February 20, 2009
Liberal Arts In Translation
Colleges abroad are porting the American liberal arts college, but even the branches opened by American universities are a little bit different:
Arguably the most ambitious attempt at a branch campus yet is underway in the United Arab Emirates. While there are also plans for graduate programs, NYU Abu Dhabi is to be, over time, “a full-scale liberal arts college” of more than 2,000 students.
In developing the core curriculum – the college plans to accept its first class of students in 2010 – NYU has identified four broad content areas in which students will have to take two courses each: Pathways of World Literature, Structures of Thought and Society, Ideas and Methods of Science, and Art, Invention and Technology. “They’re not foundations for the major,” explained Mariët Westermann, vice chancellor for regional campus development at NYU. “They open up a whole field of thought and action, you could say, to students.”
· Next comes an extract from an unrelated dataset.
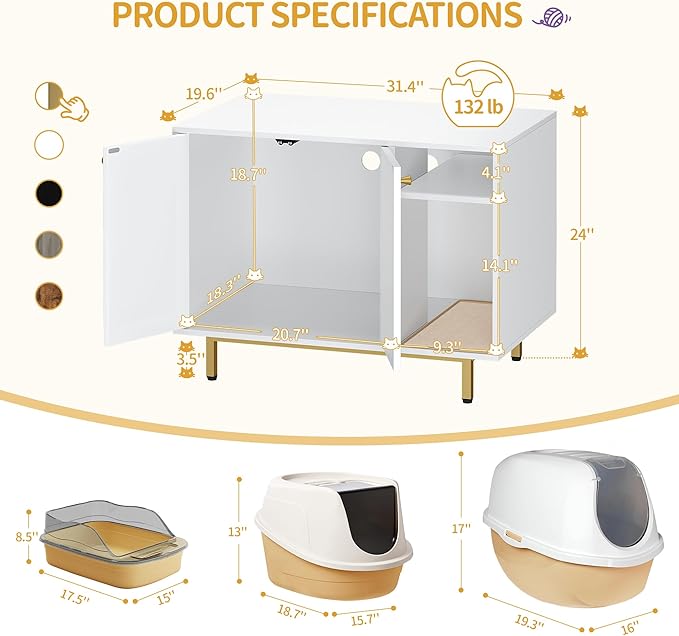 Cat Litter Box Enclosure Enclosed, Hidden Litter Box Cabinet Furniture with Storage, Wooden Indoor Cat House Large, Modern End Table for Living Room Entryway, White and Gold 01503GCLB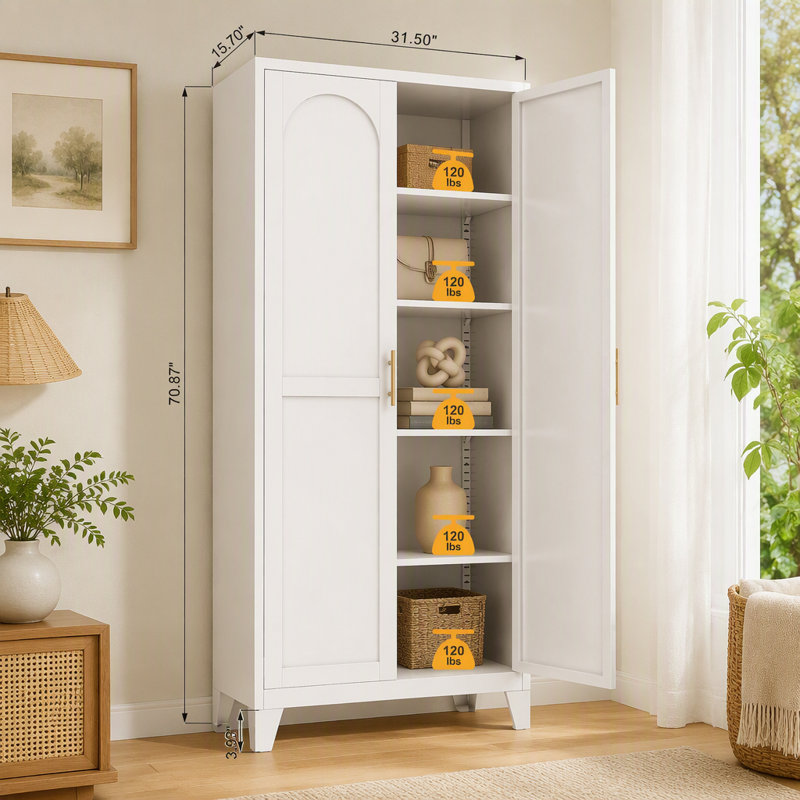 Armoire de rangement polyvalente avec portes et tablettes réglables, idéale pour organiser la chambre à coucher, le salon et la cuisine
Westermann also referenced another aspect of the American liberal arts model that NYU is adopting in Abu Dhabi – its residential component, and its emphases on peer-to-peer learning and community. Administrators plan to require that all students live in college housing, although Westermann said exceptions will be made as needed.
“In principle, we will require 100 percent on-campus residency the way the strongest liberal arts colleges in North America do,” she said. “We’re really making those values of being in the place very central to the educational experience and central to our campus planning.”
John Churchill of Phi Beta Kappa, who’s worked on liberal arts education in China, notes how firmly the idea of the liberal arts is embedded in our culture:
“These are praiseworthy efforts. But the first thing that has to be said is that the liberal arts model as we understand it in this country is an American creation… It has roots in the Oxford tutorial system and yet it is so much a part of the cultural fabric of this country. There are all sorts of linguistic and conceptual hurdles that have to be crossed before you can even begin asking the right questions about whether it’s viable or feasible or appropriate in another cultural context…. So much of what we say about liberal education in the United States has to do with preparation for citizenship in a participatory democracy, with the readiness to apply critical thinking to all claims, and the emphasis on individual development… and so forth. A moment’s reflection will show the difficulty of translating those distinctively American values into a Chinese cultural context. That’s not to say it’s not valuable. It’s not to say it can’t be done. It’s just got to be very carefully thought through.”
It’s almost like, by translating the liberal arts into China, Ghana, Poland, or Kuwait, you identify the invariants in the system. This appears to be (in UA-Kuwait’s formulation): “critical thinking, effective communication, innovative leadership, aesthetic appreciation, cultural awareness, ethical standards and technological literacy.”
And, apparently, living in dorms together. Which is not at all to be discounted! I often say that I feel like ALL young people should get the chance to go live away from home with a bunch of other young adults… if you’re an electrician, living with other electricians, farmers with other farmers, etc. There’s something very powerful about that rite of separation and aggregation. It’s like a multi-year Bar/Bat Mitzvah.